■ Exercise aim ■
Repeat the records verbatim and leave the pictures out of your copy.

■ Data excerpts ■
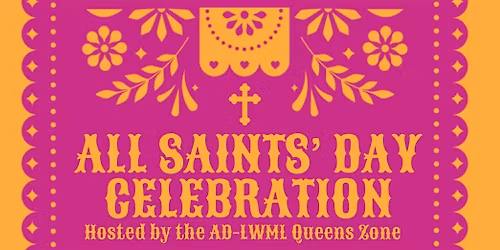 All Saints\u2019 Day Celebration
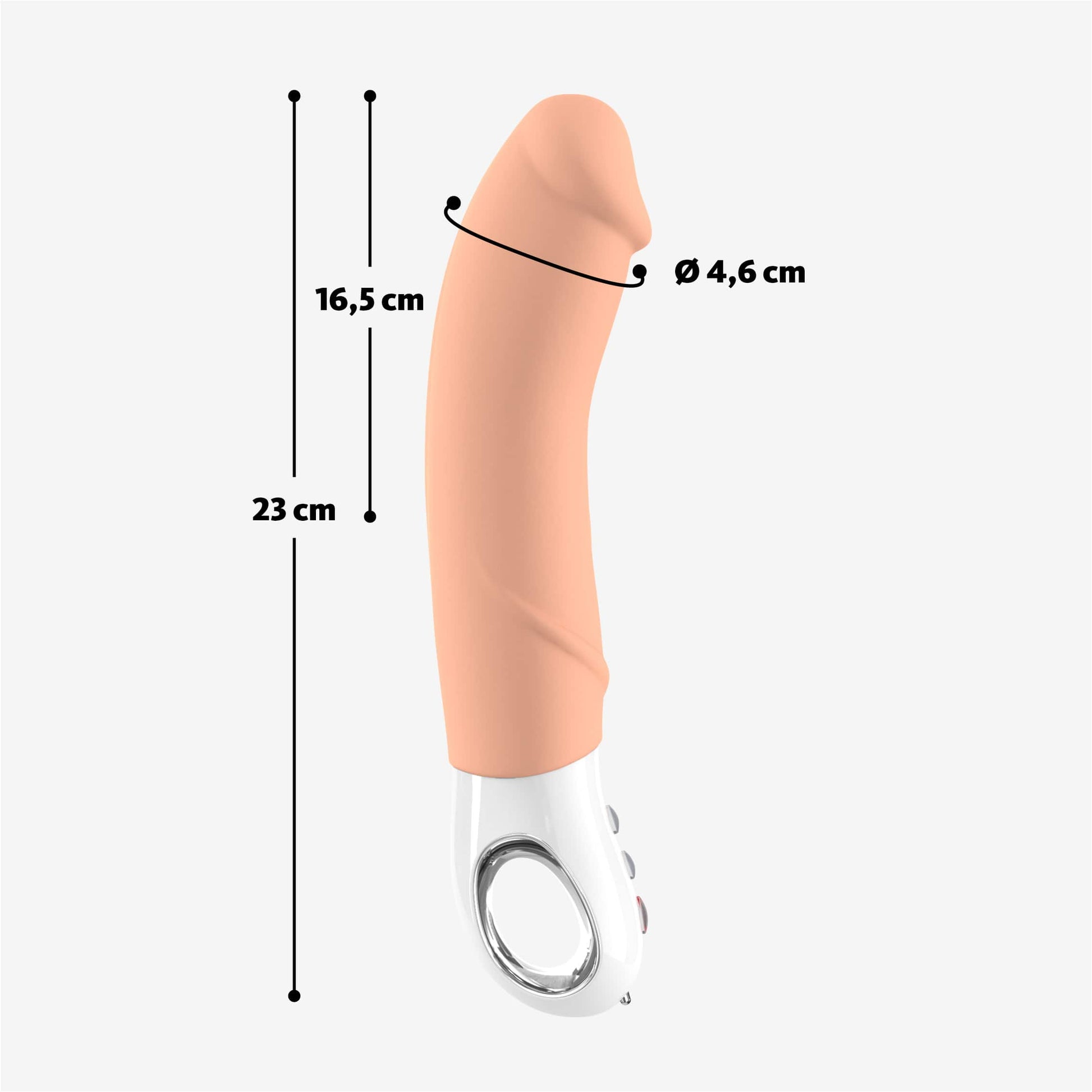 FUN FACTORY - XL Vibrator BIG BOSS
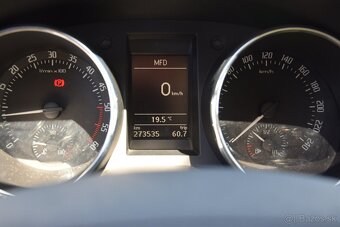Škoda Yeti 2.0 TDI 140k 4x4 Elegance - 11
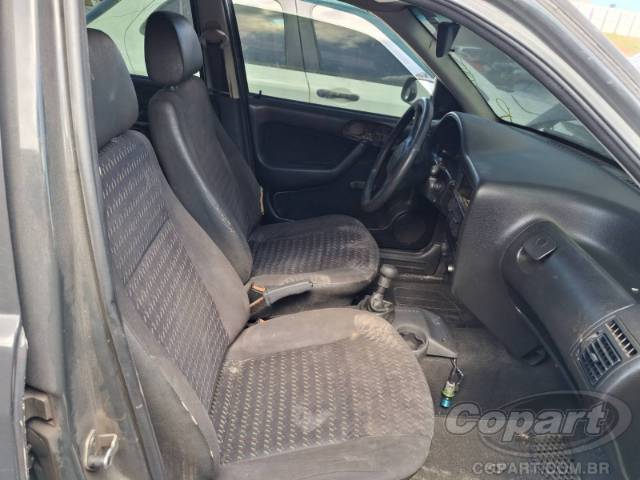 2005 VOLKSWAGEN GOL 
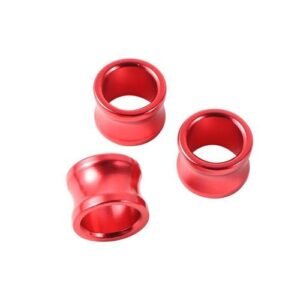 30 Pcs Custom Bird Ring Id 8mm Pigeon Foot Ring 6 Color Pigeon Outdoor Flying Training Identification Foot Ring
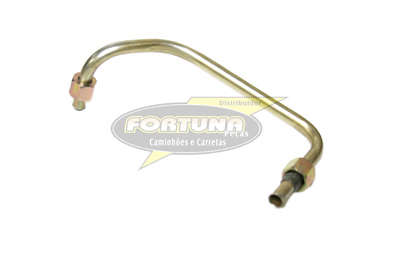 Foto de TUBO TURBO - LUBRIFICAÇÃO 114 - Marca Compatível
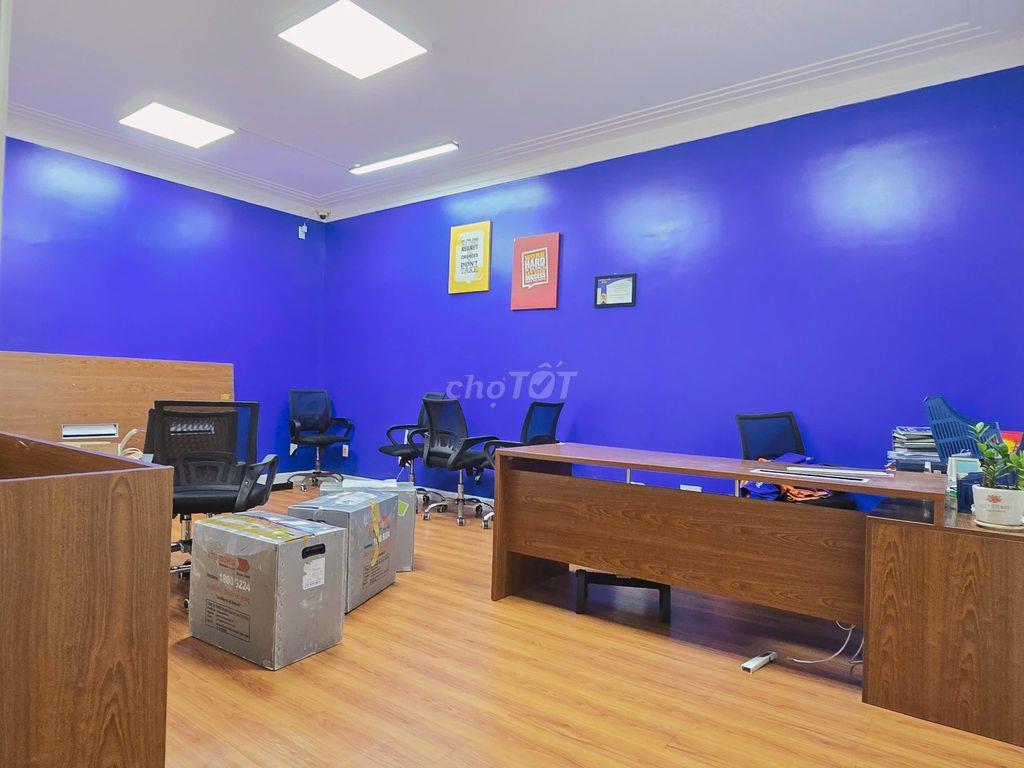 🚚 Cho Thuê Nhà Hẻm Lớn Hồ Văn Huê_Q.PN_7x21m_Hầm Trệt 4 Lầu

■ Answer for this exercise ■
 All Saints\u2019 Day Celebration
 FUN FACTORY - XL Vibrator BIG BOSS
Škoda Yeti 2.0 TDI 140k 4x4 Elegance - 11
 2005 VOLKSWAGEN GOL 
 30 Pcs Custom Bird Ring Id 8mm Pigeon Foot Ring 6 Color Pigeon Outdoor Flying Training Identification Foot Ring
 Foto de TUBO TURBO - LUBRIFICAÇÃO 114 - Marca Compatível
 🚚 Cho Thuê Nhà Hẻm Lớn Hồ Văn Huê_Q.PN_7x21m_Hầm Trệt 4 Lầu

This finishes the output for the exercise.